I got to thinking: what if our happy place wasn’t a real place? Ideally anywhere could be our happy place if we have the right frame of mind — if we can rely on ourselves to be happy, rather than any external influence like a place or a person, we could be happy anywhere. That would be the ideal. But I’m not that enlightened yet, so I thought maybe I could write down my ideal happy place, and pretend I’m there. I could think of anywhere in the world, or make up a place. Where would my ideal happy place be? What would be there, and who would be there, if anyone? What about the sights, the smells, the sounds? What location would this place be in? Next door to my house or further away? So I’ve written it down. Here is my happy place:
My happy place is a pub, quite like The Litten Tree pub I visited years ago. I go to this pub in the afternoon, and I can walk there from my house so I can have a drink or two, or three. It’s about ten minutes away. Inside, there are never many people around. There is the girl behind the bar, and a handful of other people, either sitting alone or in couples, talking in hushed voices. There are partitions so some tables have complete privacy and people can’t see each other or be seen while sitting there. Other tables are still a little private and well-spaced, but good for people watching. Sometimes if I want to people-watch I sit by the window looking out on the street. The sun is shining. It is quiet but bustling outside. I always have my notebook with me.

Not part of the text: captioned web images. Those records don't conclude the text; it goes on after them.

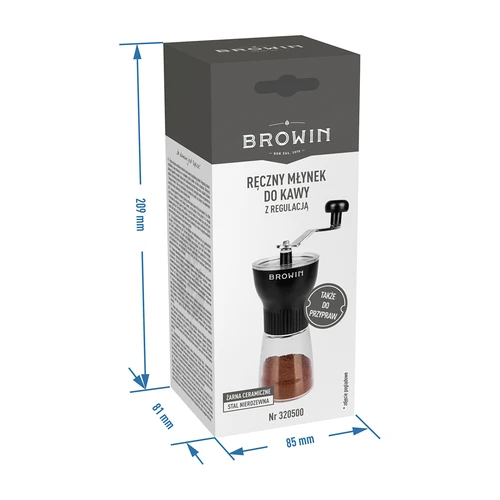Moedor de café manual com ajuste - 8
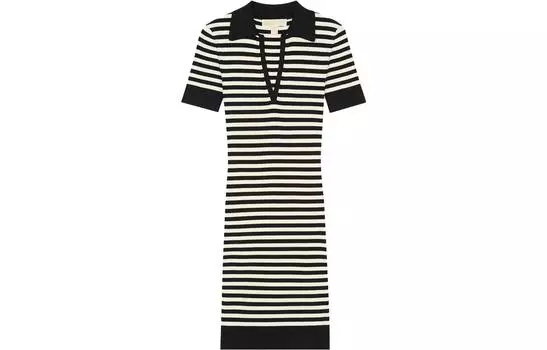 Женское платье с короткими рукавами FW22 MICHAEL KORS, черный
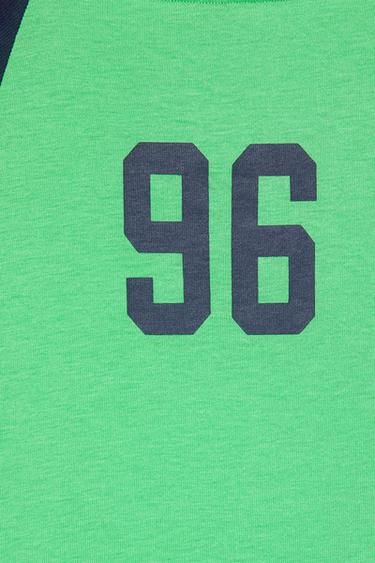 T-shirt with raglan sleeves and graphic — Green 7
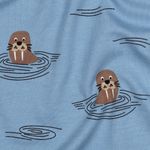 Soft Sweat - Schattige walrus jeansblauw met geborstelde binnenkant Soft Sweat - Schattige walrus jeansblauw met geborstelde binnenkant
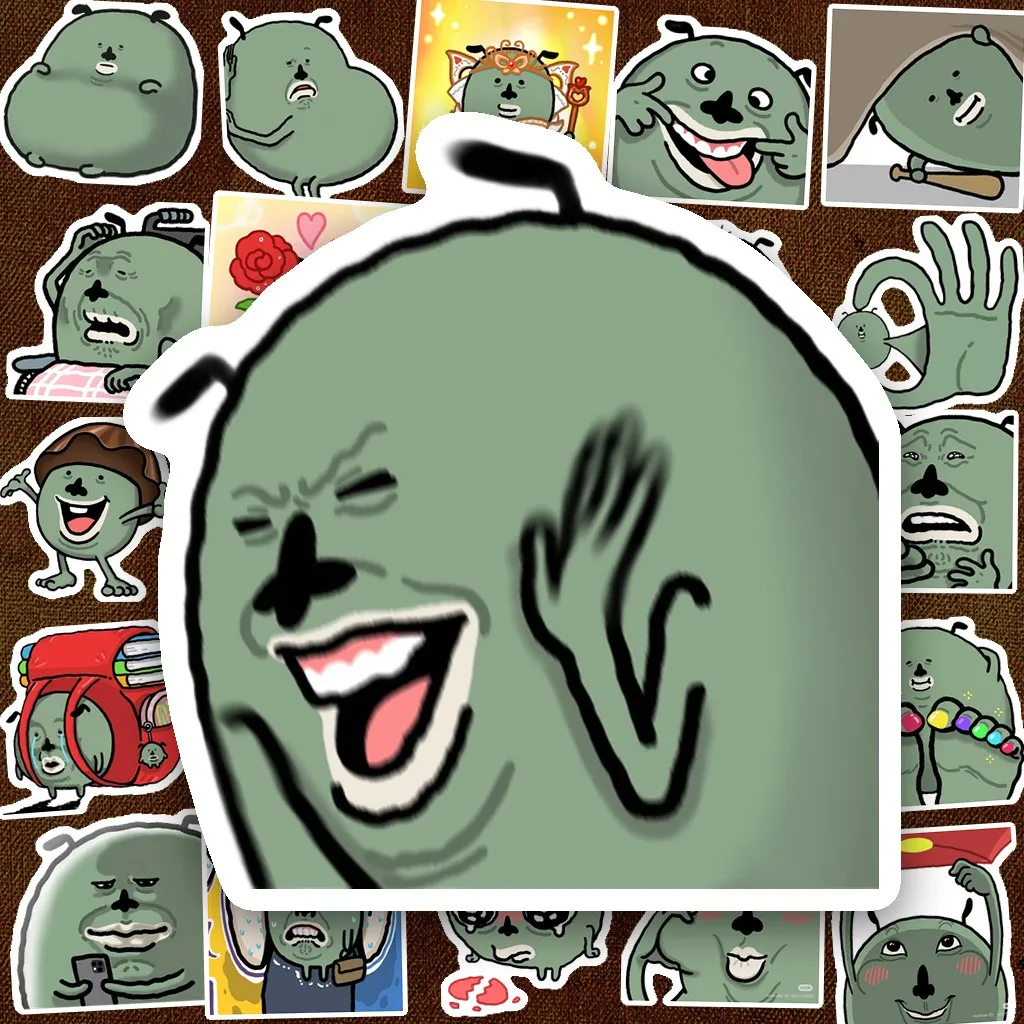 62 Sticker IN LASER Meme Ugly Dog Cry Chó Xấu Xí Khóc Lóc Hài Hước Bựa Dán Laptop Sổ Tay Bình Nước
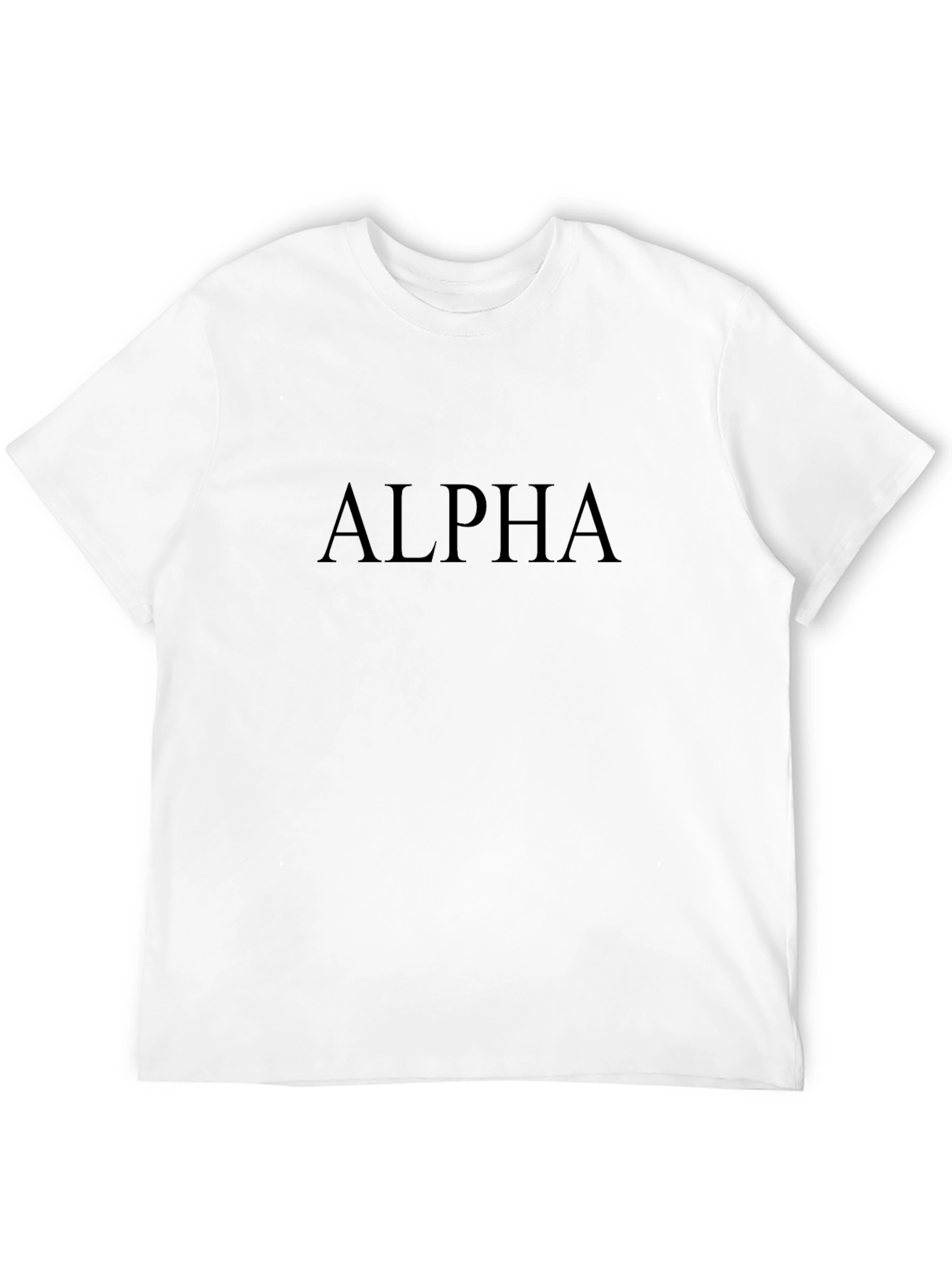 Mens ALPHA Graphic Black T-Shirt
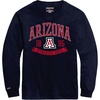 JanSport NCAA Officially Licensed Campus Long Sleeve T Shirt for Men, Soft & Breathable Pre-Shrunk Cotton Crewneck T Shirt(Arizona Wildcats)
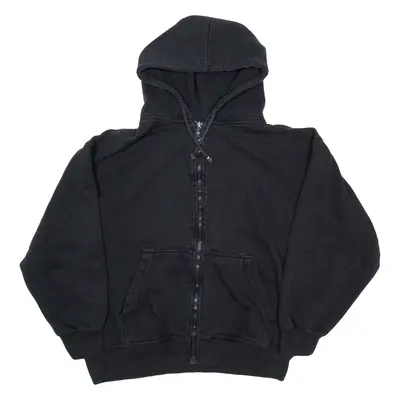 SAN MARINO Mens Black Hoodie Full Zip S
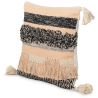 Buy Square Cotton Cushion in Boho Bali Style cover + filling - Ava Multicolour 60228 - prices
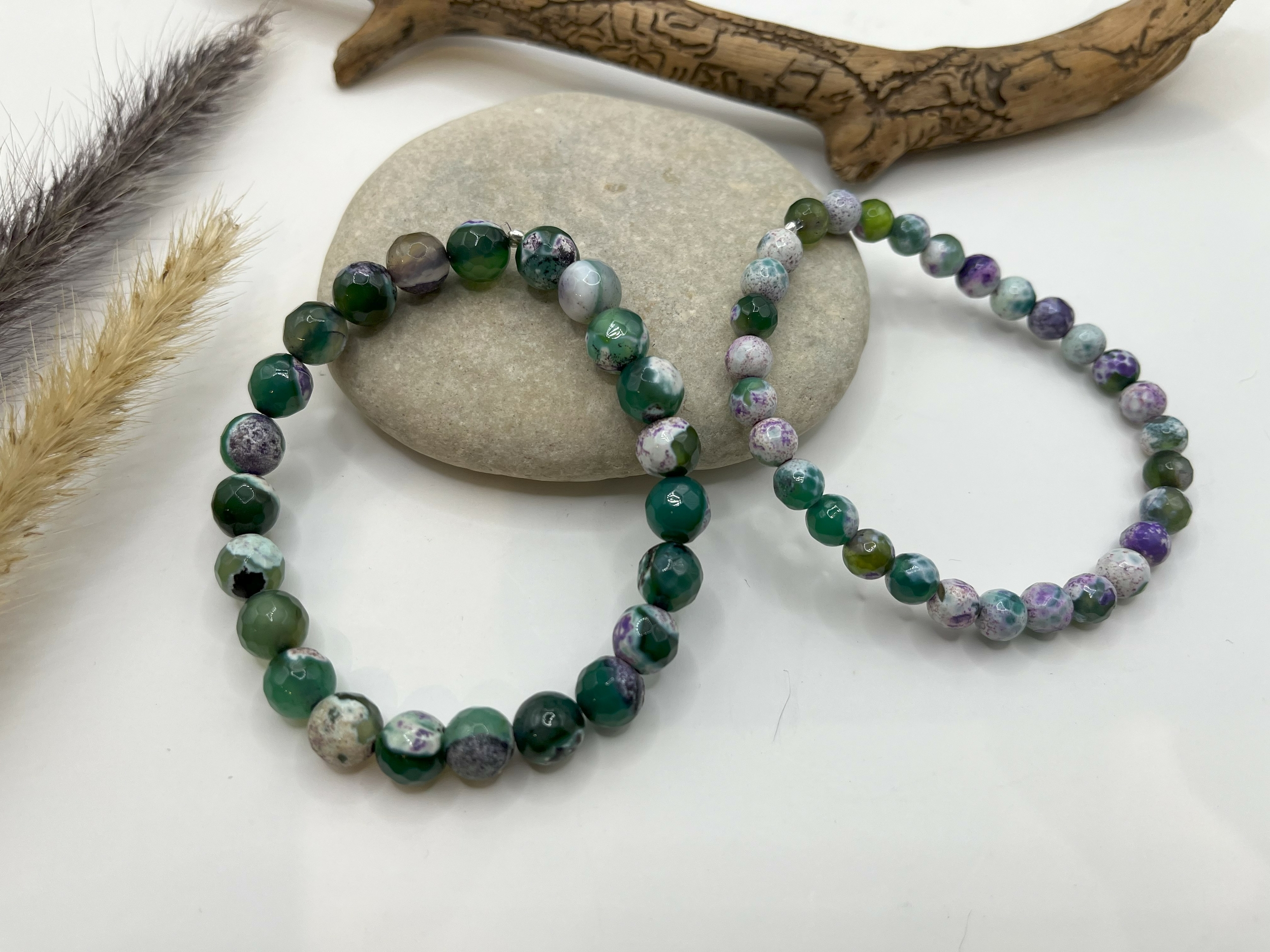Agate Purple Green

I order a glass of Jack Daniels and Coke. The girl behind the bar asked for my ID the first time but she knows me now. The bar plays music - noughties rock like The Killers, Franz Ferdinand, Kaiser Chiefs, Keane. Indie sort of stuff. I know all of the songs. The music isn’t played too loudly - just loud enough. The lighting is a little dim but I can still see okay to write. I sit and watch other people in the bar and they look at me too, but nobody makes conversation with strangers. Everyone here has either come specifically to be alone or to have a quiet chat with a friend. The atmosphere is friendly. The place doesn’t smell of much, but I’m wearing my leather jacket I’ve had since I bought it during a trip to Florida when I was sixteen or seventeen. Wearing it reminds me of sixth form - like when objects smell like times, like memories - it actually smells like sixth form and it is wonderful.
I never see anybody I know at the bar. I just sit and think, and write if I want to. I sit in a comfortable armchair with a high back. It’s green leather and a little worn and faded. The tables are low but high enough to write on, and have faint rings from drinks placed by previous patrons. They aren’t sticky, so I can put my notebook down just fine. They are thick, solid wood.
The pub is quite small but there is an upstairs which can provide complete solitude. There is a deserted dancefloor downstairs. Sometimes I shimmy across it a little when I’m going to buy another drink, if there is a particularly good song on. The drinks are reasonably priced. I stay for a couple of hours and feel quietly refreshed and at peace when I leave.
What would your happy place look and feel like? I wrote mine while listening to music I would like to be playing there, and I felt like I was in that very place. Close your eyes. Imagine your perfect spot, whether it exists or not. (Maybe it does exist and you just haven’t found it yet.) And now, write. Let me know how it goes.